В тюрьме с книгой или пером в руках я переживал такие же часы высшего удовлетворения, как и на массовых собраниях революции. Механика власти ощущалась мною скорее как неизбежная обуза, чем как духовное удовлетворение. Но обо всем этом, пожалуй, короче сказать хорошими чужими словами.

26 января 1917 г. Роза Люксембург писала из тюрьмы своей приятельнице.
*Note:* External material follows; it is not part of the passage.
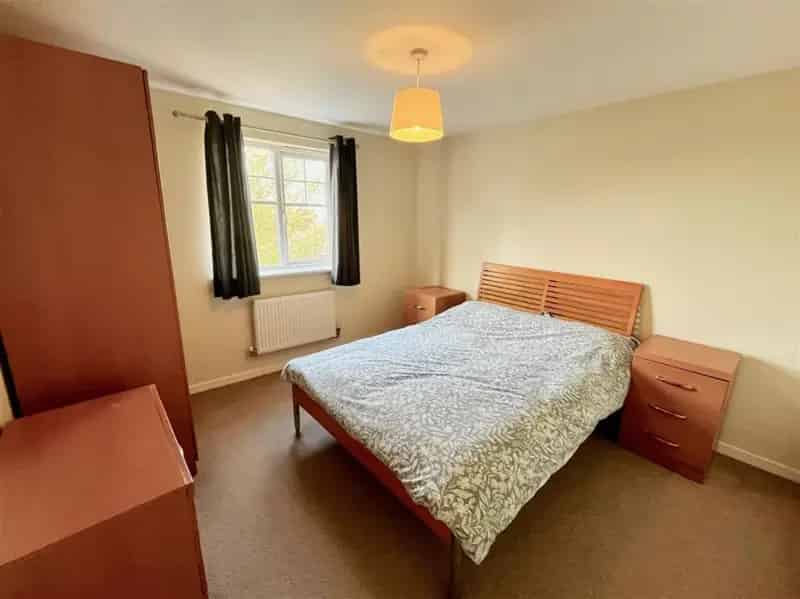 2 Bed Top Floor Flat for Sale No Onward Chain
"Это полное растворение в пошлости дня для меня вообще непонятно и невыносимо. Погляди, например, как Гете, со спокойным превосходством, возвышался над вещами. Подумай только, что он должен был пережить: великую французскую революцию, которая с близкого расстояния должна была казаться кровавым и совершенно бесцельным фарсом, а затем с 1793 до 1815 года непрерывную цепь войн... Я не требую, чтобы ты писала стихи, как Гете, но его взгляд на жизнь -- универсализм интересов, внутреннюю гармонию -- всякий может себе усвоить или по крайней мере стремиться к ней. А если бы ты сказала: Гете ведь не был политическим борцом, -- то я думаю: борец-то как раз и должен стремиться стоять над вещами, иначе он увязнет носом во всякой дряни -- разумеется, я имею в виду при этом борца большого стиля..." (стр. 192 -- 193).

Прекрасные слова! Я прочитал их впервые на днях, и они сразу сделали мне фигуру Розы Люксембург ближе и дороже, чем раньше.
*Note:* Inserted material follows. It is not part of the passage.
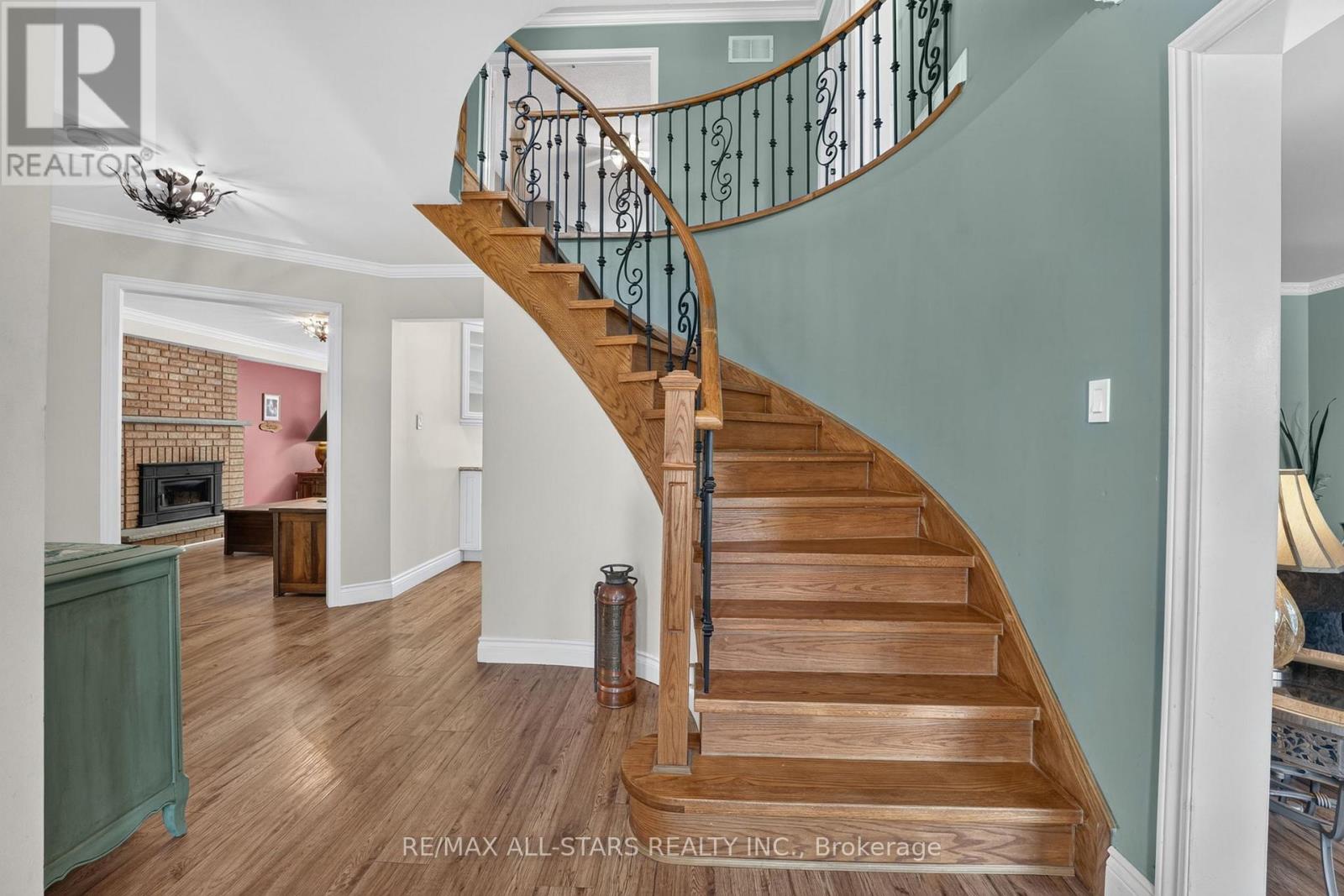 9 Fontaine Drive, Georgina, Ontario  L4P 3P2 - Photo 7 - N13525280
По взглядам своим, по характеру, по всему мироощущению Прудон, этот Робинзон Крузо социализма, мне чужд. Но у Прудона была натура борца, было духовное бескорыстие, способность презирать официальное общественное мнение, и, наконец, в нем не потухал огонь разносторонней любознательности. Это давало ему возможность возвышаться над собственной жизнью с ее подъемами и спусками, как и над всей современной ему действительностью.

26 апреля 1852 г. Прудон писал из тюрьмы одному из своих друзей: "Движение не является, без сомнения, правильным, ни прямым, но тенденция постоянна. То, что делается по очереди каждым правительством в пользу революции, становится неотъемлемым; то, что пытаются делать против нее, проходит, как облако; я наслаждаюсь этим зрелищем, в котором я понимаю каждую картину; я присутствую при этих изменениях жизни мира, как если бы я получил свыше их объяснение; то, что подавляет других, все более и более возвышает меня, вдохновляет и укрепляет: как же вы хотите, чтоб я обвинял судьбу, плакался на людей и проклинал их? Судьба, -- я смеюсь над ней; а что касается людей, то они слишком невежды, слишком закабалены, чтоб я мог чувствовать на них обиду" (Grasset, стр. 149).

Несмотря на некоторый привкус церковной патетики, это очень хорошие слова. Я подписываюсь под ними.